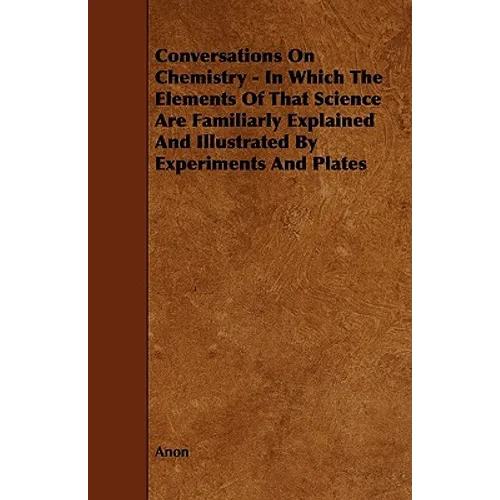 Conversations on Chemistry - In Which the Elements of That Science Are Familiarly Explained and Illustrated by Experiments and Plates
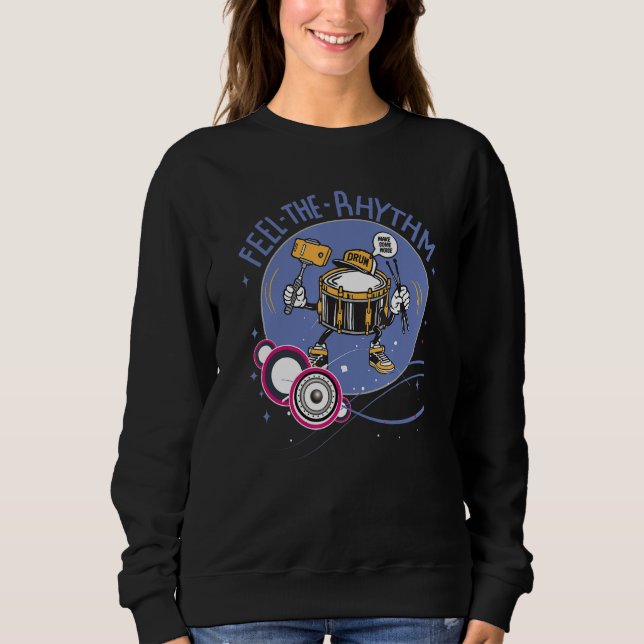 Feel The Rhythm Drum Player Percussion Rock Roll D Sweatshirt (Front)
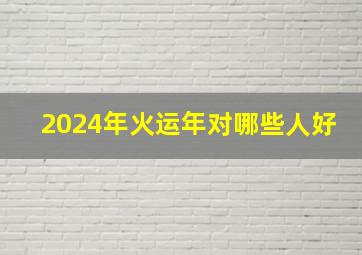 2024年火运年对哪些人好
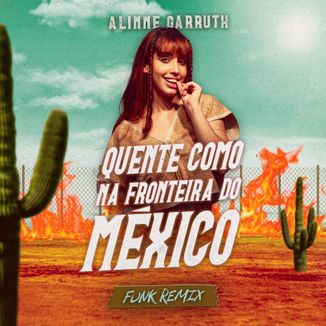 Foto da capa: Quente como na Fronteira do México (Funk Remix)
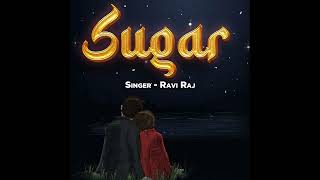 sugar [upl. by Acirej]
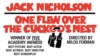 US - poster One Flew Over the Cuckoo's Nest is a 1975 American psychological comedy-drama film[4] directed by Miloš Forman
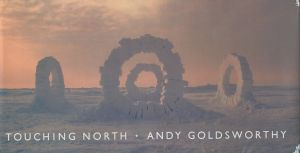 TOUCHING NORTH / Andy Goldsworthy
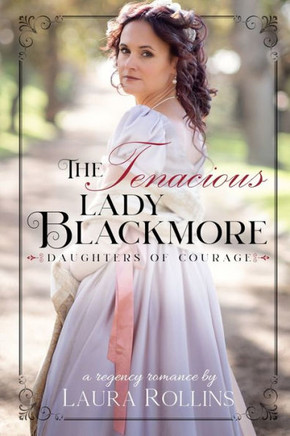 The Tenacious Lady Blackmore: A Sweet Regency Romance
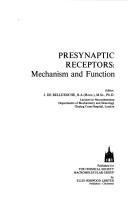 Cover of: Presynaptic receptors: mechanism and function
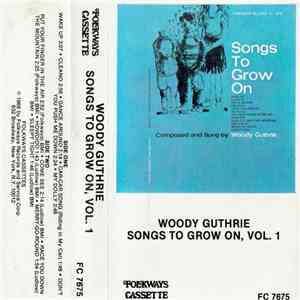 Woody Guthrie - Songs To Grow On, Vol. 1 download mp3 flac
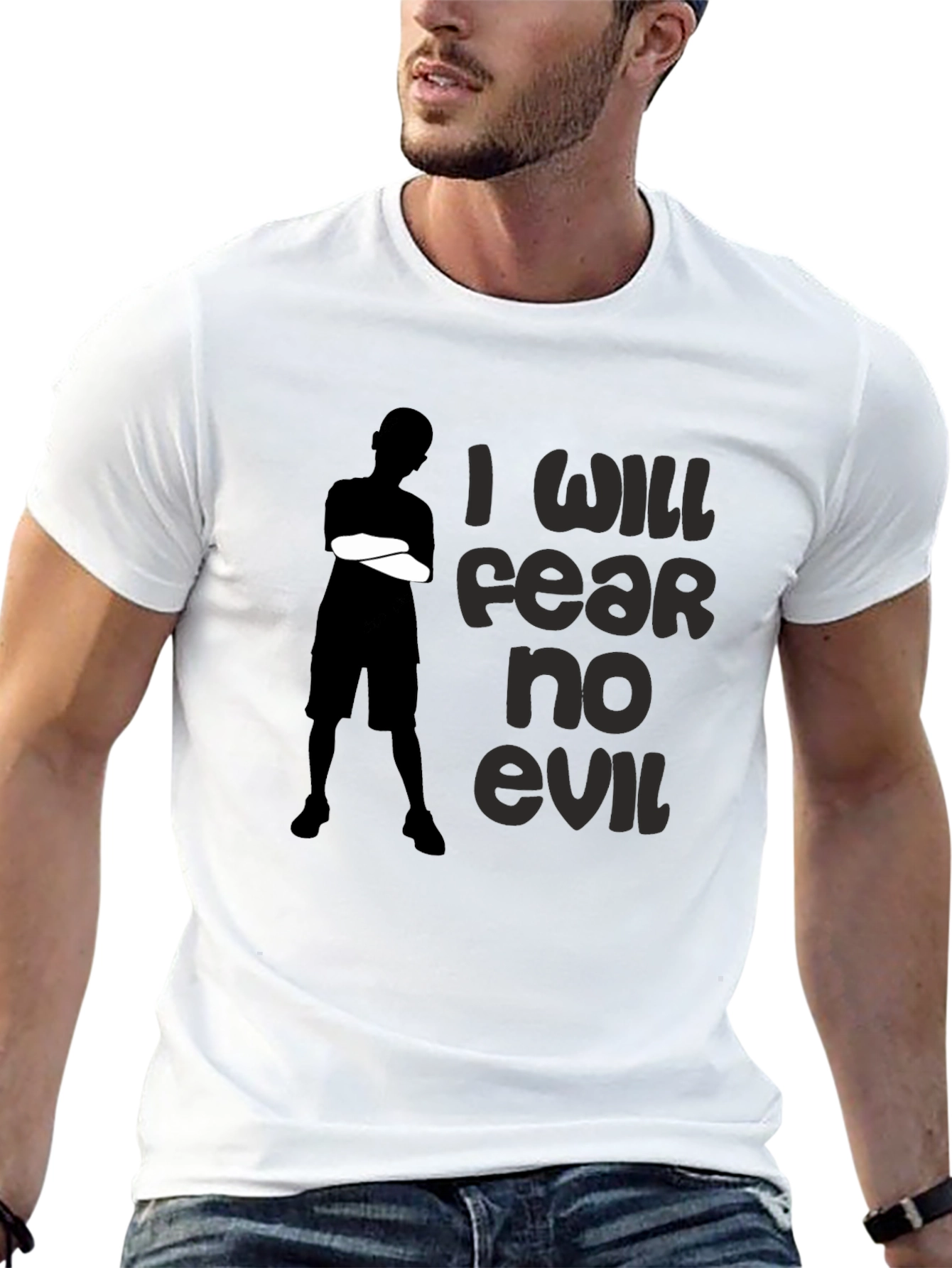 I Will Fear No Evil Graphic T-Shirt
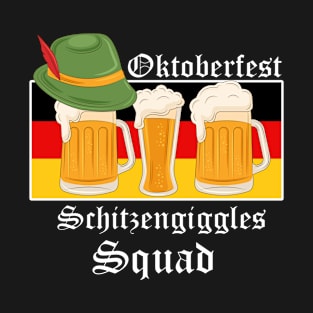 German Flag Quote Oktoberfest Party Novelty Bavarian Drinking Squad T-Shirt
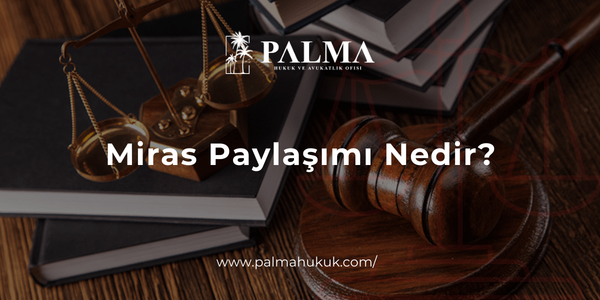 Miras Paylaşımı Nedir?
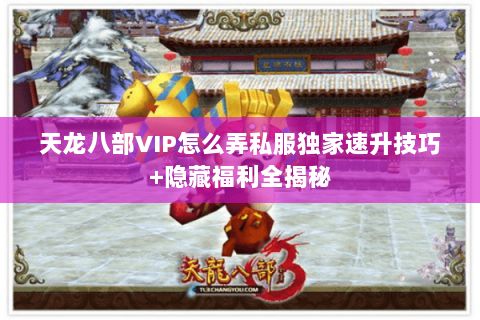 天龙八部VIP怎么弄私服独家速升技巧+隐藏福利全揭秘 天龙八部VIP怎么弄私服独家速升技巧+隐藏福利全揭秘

...

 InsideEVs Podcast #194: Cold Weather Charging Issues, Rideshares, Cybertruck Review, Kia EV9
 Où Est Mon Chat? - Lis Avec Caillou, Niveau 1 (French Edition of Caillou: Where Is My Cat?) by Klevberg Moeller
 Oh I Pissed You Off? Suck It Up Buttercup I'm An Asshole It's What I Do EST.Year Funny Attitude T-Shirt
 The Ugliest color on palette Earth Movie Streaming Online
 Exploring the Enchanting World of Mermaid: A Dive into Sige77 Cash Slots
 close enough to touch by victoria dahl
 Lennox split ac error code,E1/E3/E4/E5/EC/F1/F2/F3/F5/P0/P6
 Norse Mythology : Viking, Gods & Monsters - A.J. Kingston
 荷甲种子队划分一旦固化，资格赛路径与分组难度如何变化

- [Problem]
Above are records; repeat only the lines starting at the line with "close enough to touch by victoria dahl" and ending at the line with "荷甲种子队划分一旦固化，资格赛路径与分组难度如何变化", exactly as they appear, both included.

- [Solution below]
 close enough to touch by victoria dahl
 Lennox split ac error code,E1/E3/E4/E5/EC/F1/F2/F3/F5/P0/P6
 Norse Mythology : Viking, Gods & Monsters - A.J. Kingston
 荷甲种子队划分一旦固化，资格赛路径与分组难度如何变化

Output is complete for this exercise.